To be harsh, McDiarmid didn't find many depths in Barabas; but frankly, depth can be overrated. Barabas could, just about, be played as a victim, a noble Jew rejected by an uncaring society, as has happened to Shylock. You could present his evil and greed as a reaction to anti-Semitism, although given his catalogue of crimes - which includes murdering his own daughter, a couple of friars and an entire conventful of nuns - you would be pushing your luck. But as his name suggests, Barabas is a caricature Jew, greedy, rootless, hard-hearted and egotistical. The point isn't that he's nice; it's that, however bad he is, and however bad you play him, he doesn't seem any more wicked, and a good deal less hypocritical, than the gentile establishment he's pitted against. They think that war is honourable, usury a crime; and then they confiscate Barabas' estate to buy off the Turks. They treat him as an outcast, and then complain of his disloyalty when he sells them out.

It's a part that gives enormous licence to an actor, and McDiarmid took full advantage. He played it outrageously Jewish, energetic and sarcastic - reminiscent of Antony Sher's superb performance in Peter Flannery's Singer, broadcast on Radio 4 last year (a thought that makes you wonder how far Marlowe was Flannery's inspiration). Switching from gloating to seething to self-pity with a rapidity suggestive of uncontainable intelligence, McDiarmid sounded as though he wouldn't fit in a normal-size recording studio - an infinite treasure in a little room, to coin a phrase.

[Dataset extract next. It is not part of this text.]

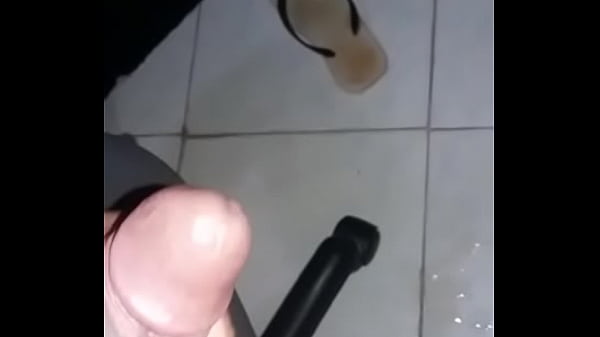 Hetero dando leite pro novinho gay muita porra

Something of the same mood of Machiavellian glee came across in Dirty Tricks (Radio 4, Thursday), a new series of features about, roughly speaking, the art of winning wars without actually cheating. Part 1 looked at misdirection (dummy tanks, fake maps, et cetera) as practised on the western front in the First World War and in North Africa during the Second. There was some effort to point out that the programme wasn't trivialising warfare - a cunning plan usually involves killing fewer people than an all-out frontal attack, it was pointed out. The sober note was subverted by Peter Snow's eager presence, though, and in this case at least, nobody was deceived.